The editors of National Review have challenged their counterparts at the Wall Street Journal to a debate on the pending immigration bill, leading Jonah Goldberg to an effusion sillier than anything he has ever said about Animal House:
It’s a shame really, just the other day the editors of the Journal ran that quite good piece by Peter Berkowitz lambasting the left for its refusal to debate first principles while cheering the right for its eagerness to do exactly that.
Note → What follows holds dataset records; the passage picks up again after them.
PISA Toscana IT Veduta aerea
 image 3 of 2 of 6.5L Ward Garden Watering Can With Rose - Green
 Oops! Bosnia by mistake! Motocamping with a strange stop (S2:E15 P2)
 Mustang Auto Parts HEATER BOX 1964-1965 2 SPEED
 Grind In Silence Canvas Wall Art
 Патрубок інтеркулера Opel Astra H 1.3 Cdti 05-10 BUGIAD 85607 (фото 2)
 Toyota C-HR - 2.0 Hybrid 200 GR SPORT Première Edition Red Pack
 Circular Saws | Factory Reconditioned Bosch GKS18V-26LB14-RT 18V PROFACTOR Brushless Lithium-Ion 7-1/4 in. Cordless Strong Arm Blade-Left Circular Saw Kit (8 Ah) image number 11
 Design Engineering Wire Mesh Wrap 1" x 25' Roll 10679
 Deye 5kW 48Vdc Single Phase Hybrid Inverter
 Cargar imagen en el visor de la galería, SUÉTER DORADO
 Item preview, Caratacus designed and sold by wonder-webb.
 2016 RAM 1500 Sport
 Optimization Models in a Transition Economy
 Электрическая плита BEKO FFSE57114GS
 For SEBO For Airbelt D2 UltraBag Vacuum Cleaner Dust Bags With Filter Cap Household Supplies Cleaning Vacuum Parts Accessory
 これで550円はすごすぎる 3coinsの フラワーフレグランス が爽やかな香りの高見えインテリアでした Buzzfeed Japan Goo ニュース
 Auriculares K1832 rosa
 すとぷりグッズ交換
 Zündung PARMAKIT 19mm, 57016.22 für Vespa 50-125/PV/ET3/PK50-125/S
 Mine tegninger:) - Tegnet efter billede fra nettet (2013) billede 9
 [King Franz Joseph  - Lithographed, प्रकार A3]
Two days later NR challenges those editors to precisely the sort of debate conservatives take pride in and the response has been (significant?) silence.
Compounding the silliness, he complains that Best of the Web, the Journal’s daily blog equivalent but not the voice of its editorial board, neglected today to mention NR’s challenge, doubtless one of the key events in the blogosphere.
Has the WSJ’s editorial page been silent about the immigration controversy, the way that the Left is silent about, say, long-range strategy in the conflict with Islamofascism? Well, there’s this and this and this and this, plus others for which non-subscriber links aren’t available. And last weekend’s Journal Editorial Report on Fox News featured a debate on the topic pitting two WSJ editorialists against National Review columnist Byron York. And tomorrow morning the WSJ’s Stephen Moore will face off against ueber-restrictionist Mark Krikorian. This adds up to “refusal to debate first principles”?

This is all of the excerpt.